**Exercise aim**
What is needed is the run of lines from the one with "Рецепт: Запеканка из" through the close of the data, set down exactly.
---
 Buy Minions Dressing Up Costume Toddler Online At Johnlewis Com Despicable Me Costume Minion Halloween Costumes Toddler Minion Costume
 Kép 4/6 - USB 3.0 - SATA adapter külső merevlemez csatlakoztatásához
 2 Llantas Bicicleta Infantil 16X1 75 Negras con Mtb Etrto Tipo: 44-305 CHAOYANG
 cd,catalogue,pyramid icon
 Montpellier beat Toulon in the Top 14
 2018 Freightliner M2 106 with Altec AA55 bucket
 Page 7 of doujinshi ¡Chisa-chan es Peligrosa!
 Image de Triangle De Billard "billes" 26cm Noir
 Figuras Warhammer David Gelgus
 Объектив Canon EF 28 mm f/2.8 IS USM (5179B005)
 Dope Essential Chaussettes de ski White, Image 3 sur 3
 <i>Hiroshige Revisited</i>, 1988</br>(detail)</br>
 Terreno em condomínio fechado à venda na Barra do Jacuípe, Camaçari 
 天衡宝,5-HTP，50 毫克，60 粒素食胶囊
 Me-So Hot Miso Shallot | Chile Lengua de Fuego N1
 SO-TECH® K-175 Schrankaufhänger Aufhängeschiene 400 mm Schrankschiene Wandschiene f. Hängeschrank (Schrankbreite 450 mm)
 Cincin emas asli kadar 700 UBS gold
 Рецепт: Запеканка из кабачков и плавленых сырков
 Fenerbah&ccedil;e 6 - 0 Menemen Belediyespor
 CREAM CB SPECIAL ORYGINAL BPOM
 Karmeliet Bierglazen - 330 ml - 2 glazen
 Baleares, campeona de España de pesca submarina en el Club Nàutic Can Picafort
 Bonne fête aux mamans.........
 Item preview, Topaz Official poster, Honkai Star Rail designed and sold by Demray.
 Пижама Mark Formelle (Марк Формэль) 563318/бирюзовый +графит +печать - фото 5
---
**Task output**
 Рецепт: Запеканка из кабачков и плавленых сырков
 Fenerbah&ccedil;e 6 - 0 Menemen Belediyespor
 CREAM CB SPECIAL ORYGINAL BPOM
 Karmeliet Bierglazen - 330 ml - 2 glazen
 Baleares, campeona de España de pesca submarina en el Club Nàutic Can Picafort
 Bonne fête aux mamans.........
 Item preview, Topaz Official poster, Honkai Star Rail designed and sold by Demray.
 Пижама Mark Formelle (Марк Формэль) 563318/бирюзовый +графит +печать - фото 5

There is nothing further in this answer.